● **Supplied records**:
_ _ _ _

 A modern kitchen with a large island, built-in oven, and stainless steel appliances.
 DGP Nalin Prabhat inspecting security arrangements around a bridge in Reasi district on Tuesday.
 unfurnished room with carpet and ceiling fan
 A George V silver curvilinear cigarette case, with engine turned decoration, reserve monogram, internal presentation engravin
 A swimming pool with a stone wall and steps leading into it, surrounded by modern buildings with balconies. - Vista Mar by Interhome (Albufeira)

_ _ _ _

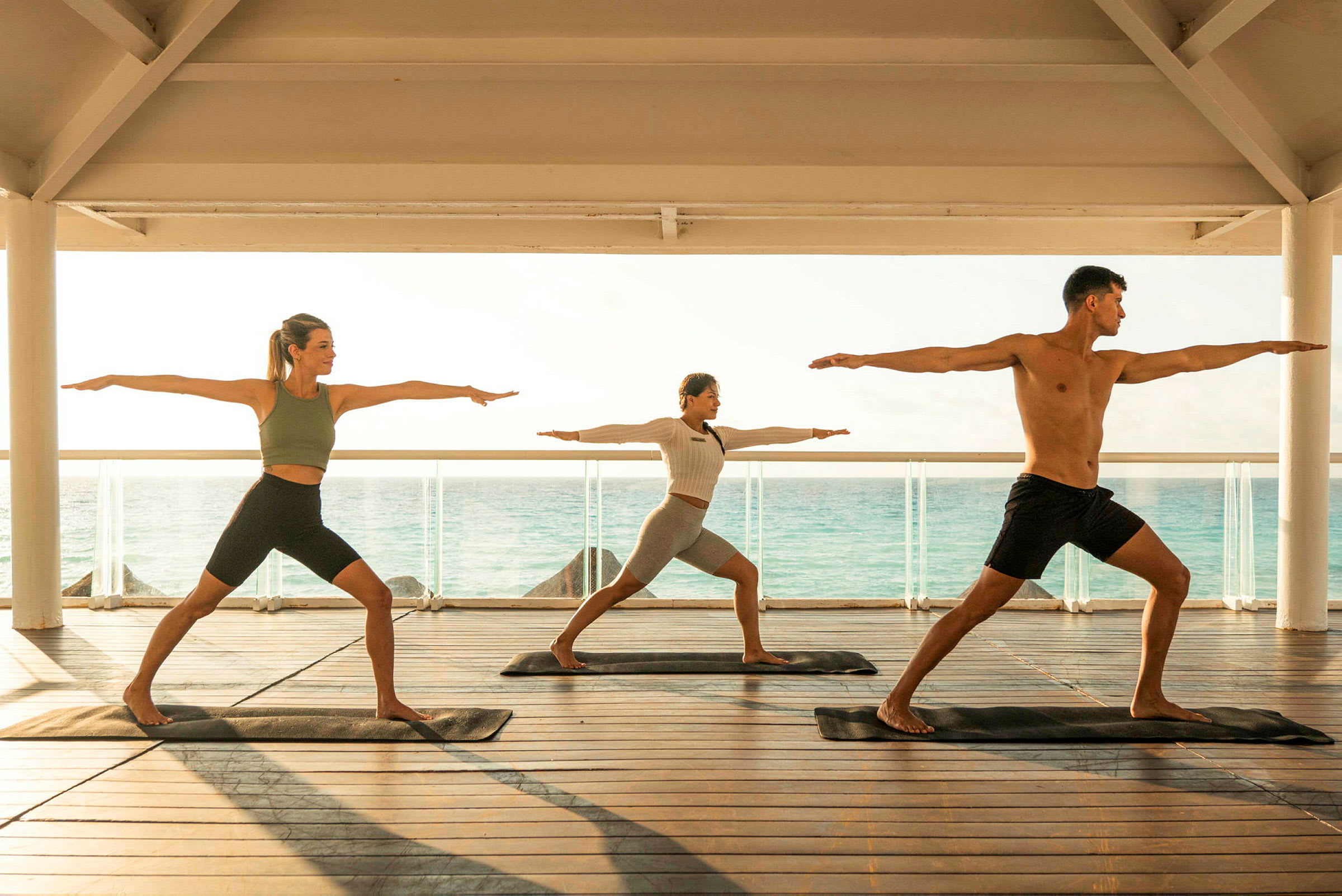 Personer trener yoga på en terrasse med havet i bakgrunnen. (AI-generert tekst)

_ _ _ _

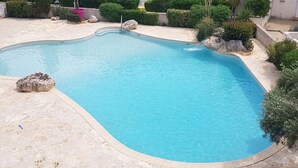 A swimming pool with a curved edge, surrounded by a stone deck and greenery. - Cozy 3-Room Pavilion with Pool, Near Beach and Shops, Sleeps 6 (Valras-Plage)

_ _ _ _

● **Task description**: Return only the lines between the one holding "A George V silver" and the one holding "A swimming pool with a stone", inclusive, exactly as they appear above.

● **Expected output**:
 A George V silver curvilinear cigarette case, with engine turned decoration, reserve monogram, internal presentation engravin
 A swimming pool with a stone wall and steps leading into it, surrounded by modern buildings with balconies. - Vista Mar by Interhome (Albufeira)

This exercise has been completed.